Mecz Australii z Francją miał dramatyczny przebieg. Po 90 minutach i dogrywce było 0:0. Zarządzono zatem rzuty karne, w których lepiej wypadły Australijki. W ich zespole doskonale spisywała się bramkarka Mackenzie Arnold, który obroniła trzy uderzenia rywalek. Sama też nie ustrzegła się błędu, nie wykorzystała karnego.
Decydującą o awansie do półfinału bramkę strzeliła Cortnee Vine. Posłała piłkę obok bramkarki Solene Durand w prawy dolny róg siatki, Francuzka była bez szans.
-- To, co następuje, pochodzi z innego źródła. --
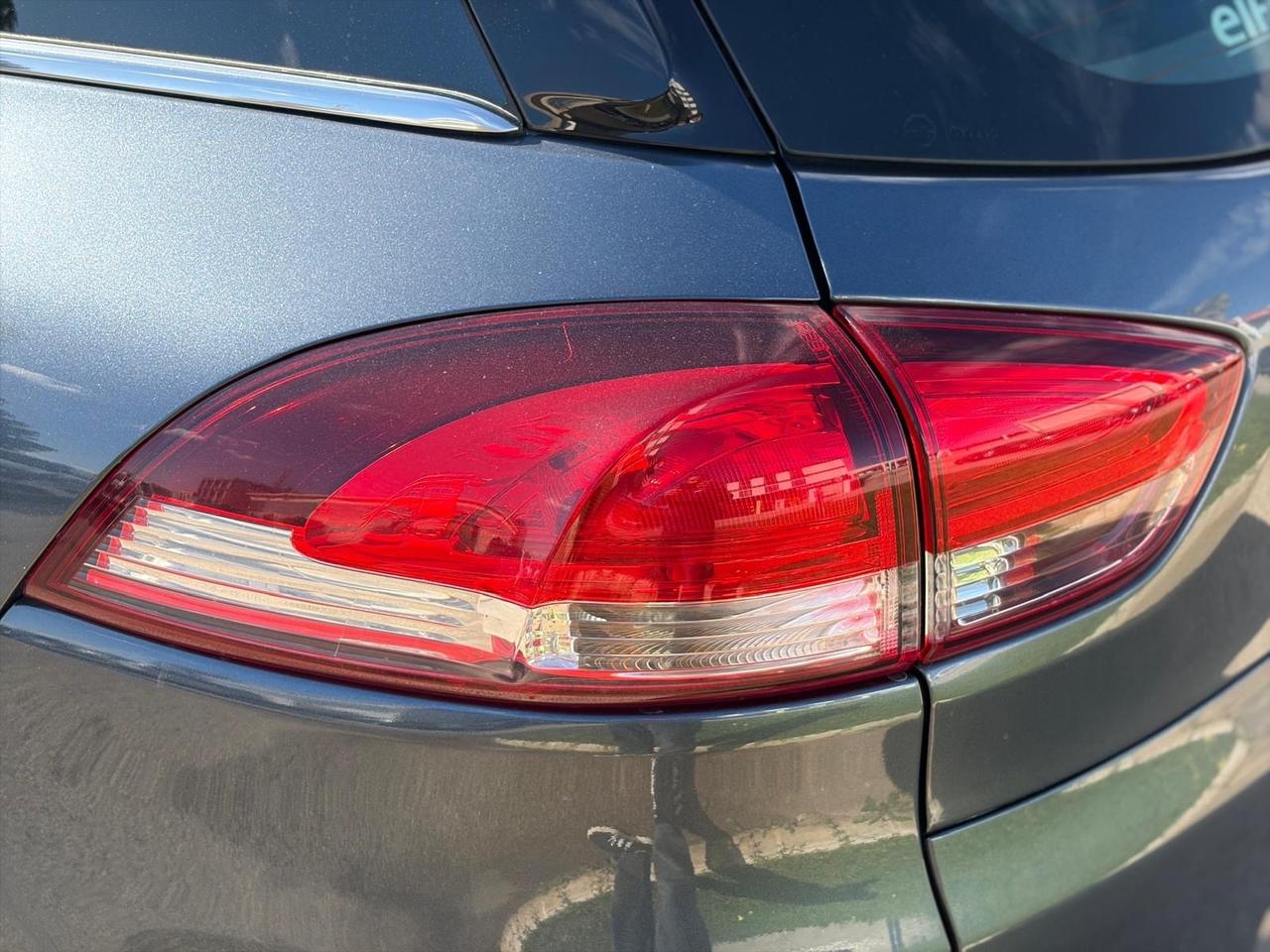 Renault Clio Sporter dCi 90CV Moschino Intens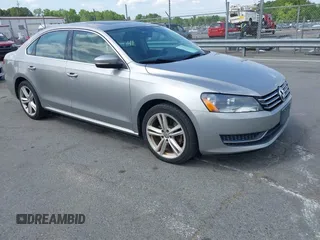 2014 Volkswagen Passat SE z VIN 1VWBT7A31EC080395, wystawiony jako IAAI lot #42112603 z przebiegiem 121 226 mil mil oraz . Historia ofert i sprzedaży dostępna na DreamBid. Obrazek 1.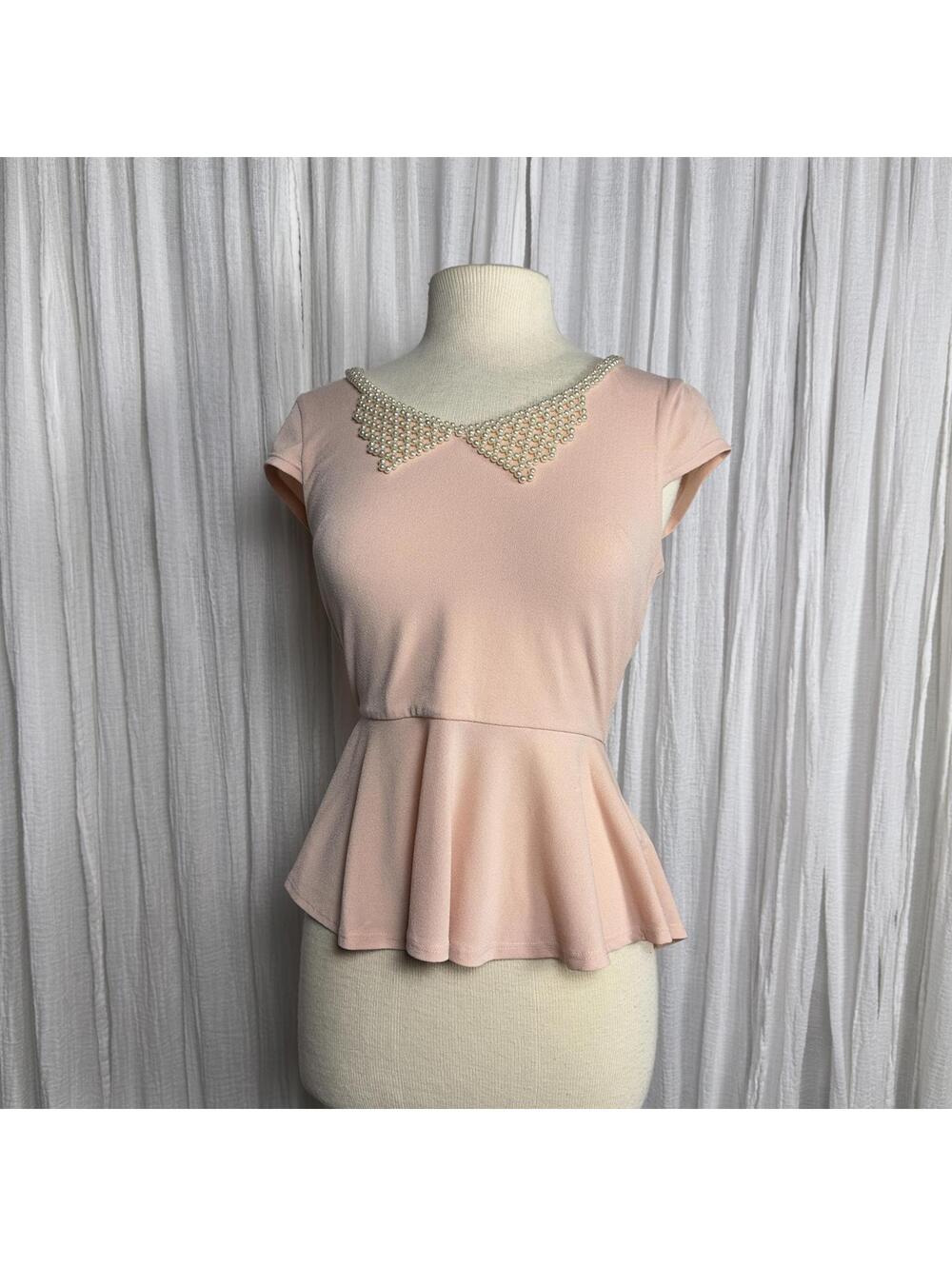 Vintage Coquette Preppy Peach Peplum Top with Pearl Collar (S)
Francja, która chciała awansować do półfinału po raz drugi po 2011 roku, miała w tym spotkaniu znaczną przewagę w pierwszej połowie i dogrywce, ale kilku dogodnych okazji strzeleckich nie wykorzystała.
W drugim sobotnim spotkaniu Anglia wygrała 2:1 (1:1) z Kolumbią. Druga połowa spotkania została przedłużona przez sędziego o 8 minut.
Australia zmierzy się teraz z Anglią w środę w Sydney o miejsce w finale. Dzień wcześniej w pierwszym półfinale Hiszpania zagra w Auckland ze Szwecją.